The CPO tax re-structure has, to a certain extent, allowed refiners in Malaysia to market cooking oil, oleochemicals, specialty fats and biodiesel at competitive prices in the global marketplace.

Singapore stock exchange-listed’s Mewah International Inc’s planned Lahad Datu refinery had been left idle for more than a year.

Back in October 2011, the Indonesian government created an unlevel playing field when it widened the export tax gap between crude and refined palm oil there.

As the second biggest player in Malaysia after Wilmar Group, Mewah Group has the capacity to process 2.8 million tonnes of palm oil a year.

“Now that Malaysian government has finally responded by restructuring the CPO tax to make it favourable for refiners here, the Lahad Datu plant is being revived,” a source said.

“It’s quite a sizeable refinery, at 2,000 tonnes per day. When it is commissioned towards the end of the year, Mewah’s total annual refining capacity in Malaysia will swell from 2.8 million to 3.3 million tonnes,” the source said when met at the ICIS Asian Oleochemicals Conference here yesterday.
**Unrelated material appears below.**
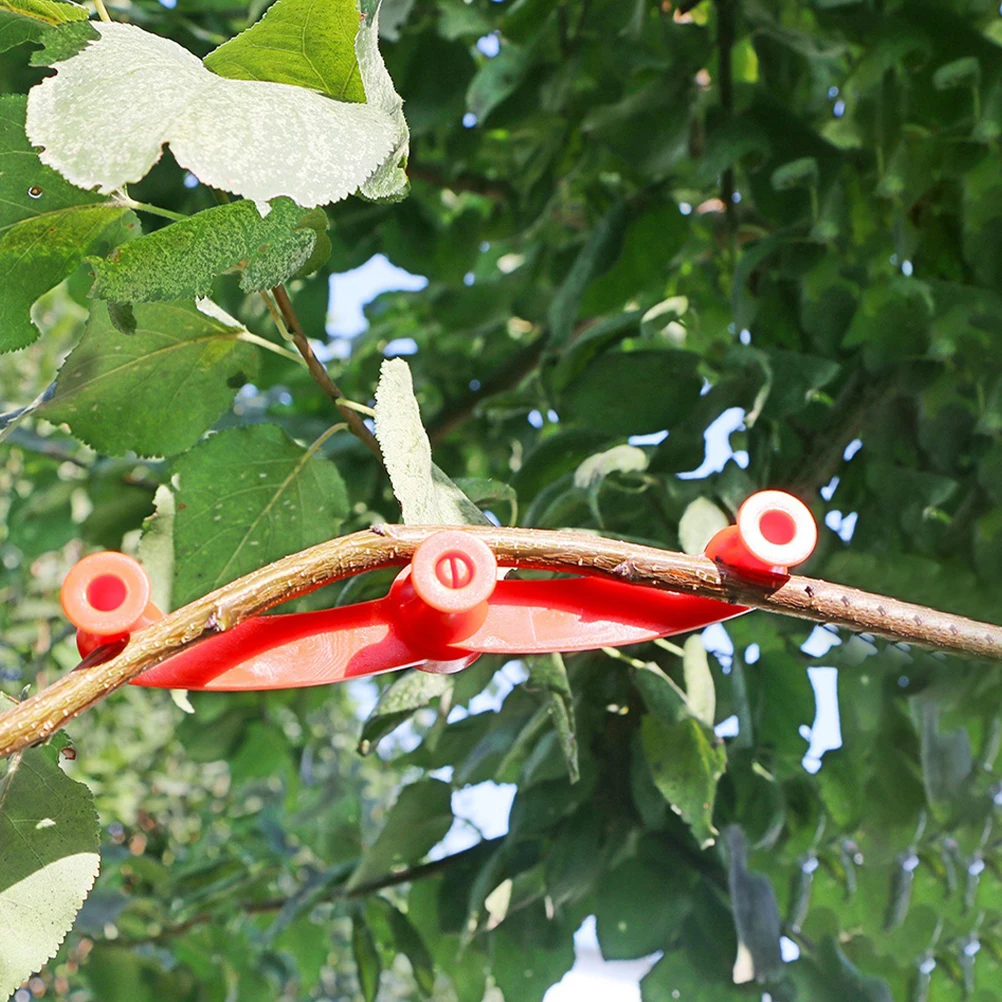 10pcs Adjustable Plant Benders Durable Bendable Branch Shaping Tool For Bonsai Fruit Trees Training 360 Degree Rotation Garden
10pcs Adjustable Plant Benders Durable Bendable Branch Shaping Tool For Bonsai Fruit Trees Training 360 Degree Rotation Garden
The two-day conference is being organised by UK-based Reed Business Information. Also present at the conference were KLK Oleochemicals Group managing director A.K. Yeow and Khoo Kiak Kern, managing director of Desmet Ballestra Southeast Asia.

Desmet Ballestra, the global leader in edible oils technology, has gained much business as downstream investors in Indonesia and Malaysia put up more refineries and upgrade existing oleochemicals, specialty fats and biodiesel plants.

“The job orders for refineries in Indonesia are super-sized. We are talking about those that are capable of churning out 2,000 tonnes of oil per day, so as to reap economies of scale,” said Khoo.

“Similarly, the new oleochemical plants are much bigger, some of which designed to produce 500 tonnes a day.”

Energy efficiency and water-saving features are also incorporated into the new plant designs, Khoo added.